PrimeDistributionRegime
plain-language theorem explainer
The inductive type enumerates the five canonical regimes of prime clustering that Recognition Science associates with J-cost minima on the recognition lattice. A mathematician modeling prime distributions under the RS framework would cite this enumeration when establishing that exactly five regimes exist at configDim D=5. It is introduced as a plain inductive definition deriving Fintype to enable direct cardinality computations.

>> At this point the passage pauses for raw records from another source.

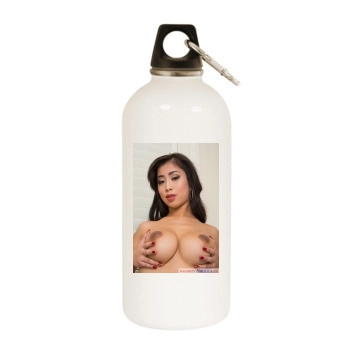 Jade Kush White Water Bottle With Carabiner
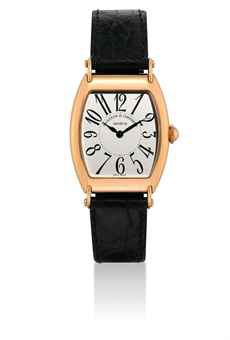 VACHERON CONSTANTIN. A FINE 18K PINK GOLD LIMITED EDITION TONNEAU-SHAPED WRISTWATCH WITH HINGED LUGS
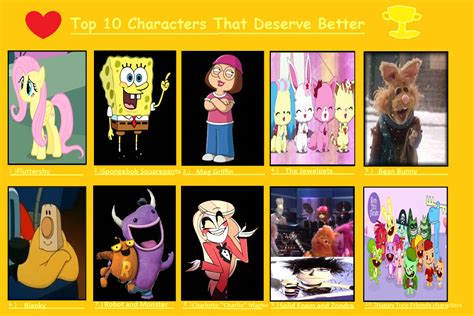 Top 10 Characters That Deserve Better By Lightningsparklestar On Deviantart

Claim. Let $R$ be the set of prime distribution regimes defined inductively by the five constructors corresponding to twin primes, cousin primes, sexy primes, prime gaps, and prime clusters, equipped with decidable equality and finite type structure.
background
Recognition Science predicts that prime numbers cluster near J-cost minima on the recognition lattice, where the J-cost function (imported from the Cost module) measures recognition cost with zeros corresponding to Riemann zeta function zeros. The prime counting function receives an RS interpretation in which each prime contributes J-cost of order J(1 + log(n)/n). This module operates at the model level as a hypothesis, positing that five canonical regimes realize configDim D=5.
proof idea
Inductive definition with five explicit constructors, deriving DecidableEq, Repr, BEq, and Fintype to support finite cardinality calculations.
why it matters
This definition supplies the five regimes whose cardinality is asserted to be 5 in the downstream structure PrimeCostCert (which also requires Jcost 1 = 0) and is used by the theorem primeDistributionCount that proves the cardinality equals 5 by decision. It realizes the configDim D=5 prediction for prime distributions in the RS framework, linking primes to J-cost minima; the actual verification remains a hypothesis pending Zhang-Maynard or deeper RS-prime-cost theory.